NOVITÀ, SICUREZZA E CALORE
Nell’era del just in time, la programmazione è diventata un esercizio purtroppo trascurato. Se per un’industria automobilistica ciò può essere concepibile, non lo è invece per il governo di una comunità. Io posso aspettare tre mesi per l’utilitaria che voglio acquistare ma non per il pane e il companatico, né per i posti in rianimazione e il relativo personale necessario. Eppure è quello che, quasi a ogni livello, stiamo assistendo nella gestione della pandemia in corso. D’altronde, mi fa notare un amico, i vigili del fuoco sono naturalmente degli eroi popolari, mentre non lo sono i pianificatori. C’è un problema, però: nell’immediato, il pompiere vince perché, prima o poi, riesce a domare le fiamme, tuttavia se allarghiamo l’orizzonte vediamo che il suo intervento ha potuto solo limitare i danni, non scongiurarli. Un altro fattore, poi, rende difficile giocare di anticipo: l’essere umano, come abbiamo già osservato (in particolare richiamando gli insegnamenti di Ugo Morelli), è geneticamente restio al cambiamento. La forza dell’abitudine, nella stragrande maggioranza dei casi, ci impedisce di esplorare l’inedito anche quando può rappresentare dei vantaggi. Anni fa, per lungo tempo mi sono stupito perché una collega parcheggiava la macchina in una determinata via per andare in città: solo dopo mesi, quasi per sbaglio, una volta lasciai anch’io l’auto in quel posto, scoprendo che in effetti risparmiavo tempo e raggiungevo il centro storico in pochi minuti.
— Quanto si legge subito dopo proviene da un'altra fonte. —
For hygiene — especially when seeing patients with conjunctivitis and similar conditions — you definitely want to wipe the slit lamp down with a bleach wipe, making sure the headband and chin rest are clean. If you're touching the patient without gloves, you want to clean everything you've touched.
Siamo fatti così, il che non ci impedisce comunque di vincere le nostri pigrizie mentali. Certo non è facile fare esperimenti quando hai l’acqua alla gola, ma se la nave sta affondando devi comunque cercare uno strumento nuovo.
All’ente pubblico spetta il dovere di fornire i salvagente affinché nessuno perisca, non di rappezzare i vascelli malandati o di spacciare fallaci illusioni. Bene ha fatto il sindaco di Trento, Franco Ianeselli, a non perdere tempo nel cancellare i mercatini di Natale: i «tavoli» tanto amati dai politici devono servire per confrontarsi sul da farsi, non per sgravarsi dalle responsabilità e rinviare decisioni la cui efficacia è spesso legata alla tempestività. L’ansia di imprenditori e lavoratori dipendenti del settore privato è pienamente giustificata, dunque merita attenzione e risposte: servono aiuti rapidi per contrastare l’aumento della povertà, peraltro già registrato negli ultimi mesi. È però evidente che per un periodo non breve i modelli di business dovranno essere ricalibrati, il che potrebbe anche portare dei vantaggi. Oppure qualcuno crede che a novembre sarebbero partiti dalla Lombardia le lunghe fila di pullman e i treni straordinari stracarichi di gente diretta ai mercatini del Trentino e dell’Alto Adige/ Südtirol? Giuseppe Lavazza, vicepresidente del noto gruppo del caffè, inaugurando una «cantina» della tazzina doc, ha dichiarato alla «Stampa» di Torino che «bisogna far convivere sugli scaffali la convenienza e l’altissima qualità», perché il Covid-19, oltre a infettare uomini e donne, ha allargato la forbice sociale. Nessuno ha ricette in tasca, ma è indispensabile tentare formule nuove. Il «Natale di comunità» ipotizzato da Ianeselli, magari con alcune casette sparse in tutta la città, potrebbe anche rivelarsi vincente sul piano del marketing. Scordiamoci il milione di visitatori, perlopiù mordi e fuggi, e puntiamo a salvare il salvabile offrendo calore e sicurezza.
La crisi non sarà uguale per tutti: per qualcuno sarà possibile limitare i danni, per altri no. I vecchi schemi sono inutilizzabili: oggi sono necessarie analisi puntuali e proposte innovative per cogliere ogni opportunità ma anche per sostenere chi rischia di soccombere.